The first thing you should know, if you’re planning to attend a traditional Greek celebration, is that there won’t be anything small about it.
“They just love to have a good time. They love to do things big ... So don’t be afraid to eat” when you come to a Greek event, said Shaina Galinsky.
And you’re about to get your chance.
Galinsky spent much of her Monday rolling hundreds of grape leaves, dolmades, at Best of Crete, the tiny, perpetually packed Greek restaurant on Charleston’s West Side where she has worked for well over a decade.
They’ll be stored and then cooked just in time for Hellenic Night at the end of the month. The long-standing, annual evening of Greek culture is hosted by the Order of American Hellenic Educational Progressive Association to benefit St. John’s Greek Orthodox Church in Kanawha City.
“Greek food is very simple. We don’t use a lot of ingredients. They love lemon, they love garlic, they love olive oil. If you have those three things you can pretty much make any Greek dish,” Galinsky said.

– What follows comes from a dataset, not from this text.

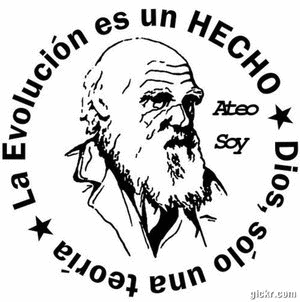 La iglesia católica es inmensamente rica. Esta libre de impuestos y la inmensa mayoría de sus bienes y de sus cuentas son totalmente opacas.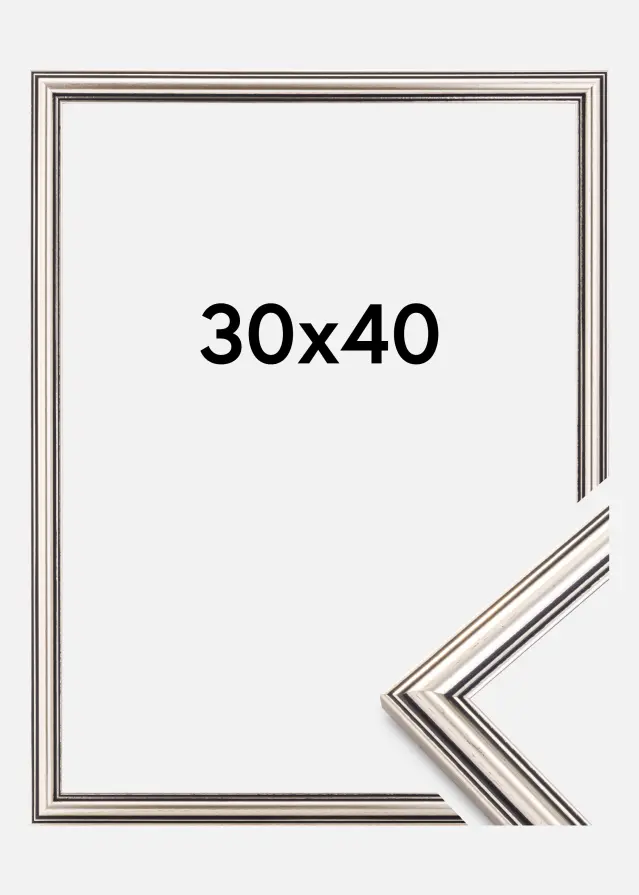 Focus Rahmen Tango Silber 30x40 cm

On the steel counter in front of her were imported grape leaves, laid out like napkins, and a large bowl of ground beef, rice and seasonings. As she talked, she grabbed a handful of the beef mixture, rolled it into an oblong lump and placed it in the center of a leaf.
Casually, she grabbed a shiny corner and folded it inward, then another, wrapping the meat neatly in its deep green casing.
One counter over, another long-time employee, Rosie Holloway, was working on Greek wedding cookies, also for Hellenic Night. There’s a similar rhythm of rolling and shaping, rolling and shaping. But first, “We take out all the salt out from the butter, and we toast the almonds and put them in a blender,” Holloway said.
The one thing you won’t find anywhere around: a cookbook, or anything remotely resembling a recipe. Not even a scrap of yellowed paper with scribbled notes.
But how do you know how much of anything you need? How much butter, how much sugar? Holloway smiled at the question and shrugged.
“We work with our hands and blend it all, and add the flour so it’s not sticky,” she said.
The ingredients she knows by heart.
The measurements, though, come from experience.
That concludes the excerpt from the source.